* _INSTRUCTIONS TO FOLLOW_:
The output is the lines below from the one with "Aquafresh Dentifrice Triple" through the one with "1pc Comfortable Soft", both included, printed exactly and with no other line.

* _AVAILABLE DATA_:

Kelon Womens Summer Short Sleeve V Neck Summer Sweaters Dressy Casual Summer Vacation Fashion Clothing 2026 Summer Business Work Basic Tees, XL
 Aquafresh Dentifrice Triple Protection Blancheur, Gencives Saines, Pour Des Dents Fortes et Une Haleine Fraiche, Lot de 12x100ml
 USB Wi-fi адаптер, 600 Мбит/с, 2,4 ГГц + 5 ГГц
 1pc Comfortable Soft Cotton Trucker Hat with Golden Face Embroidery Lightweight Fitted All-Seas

...

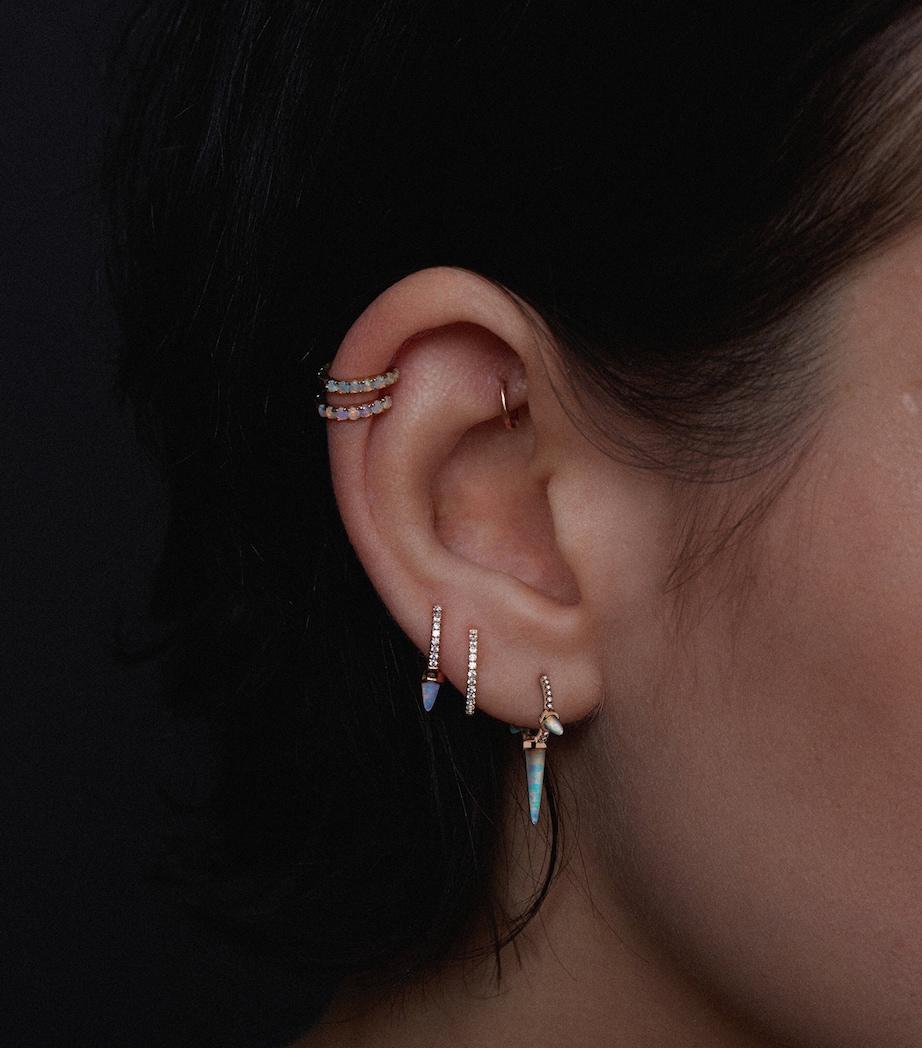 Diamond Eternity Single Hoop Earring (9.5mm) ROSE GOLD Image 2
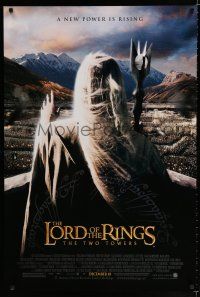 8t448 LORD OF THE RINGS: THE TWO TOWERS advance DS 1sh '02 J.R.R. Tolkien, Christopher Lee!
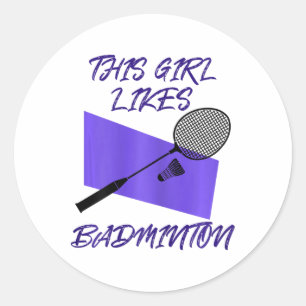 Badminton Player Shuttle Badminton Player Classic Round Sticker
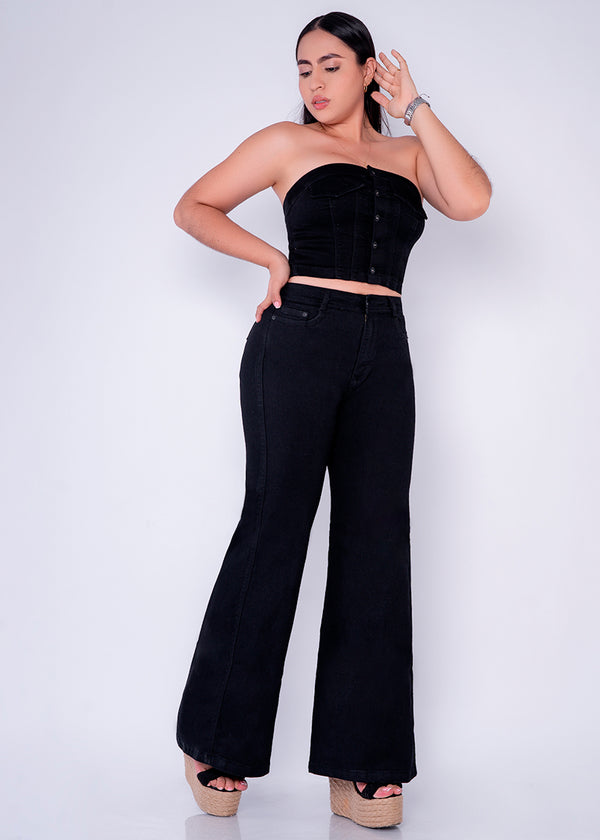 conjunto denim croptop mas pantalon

* _RESULT FOR THIS TASK_:
 Aquafresh Dentifrice Triple Protection Blancheur, Gencives Saines, Pour Des Dents Fortes et Une Haleine Fraiche, Lot de 12x100ml
 USB Wi-fi адаптер, 600 Мбит/с, 2,4 ГГц + 5 ГГц
 1pc Comfortable Soft Cotton Trucker Hat with Golden Face Embroidery Lightweight Fitted All-Seas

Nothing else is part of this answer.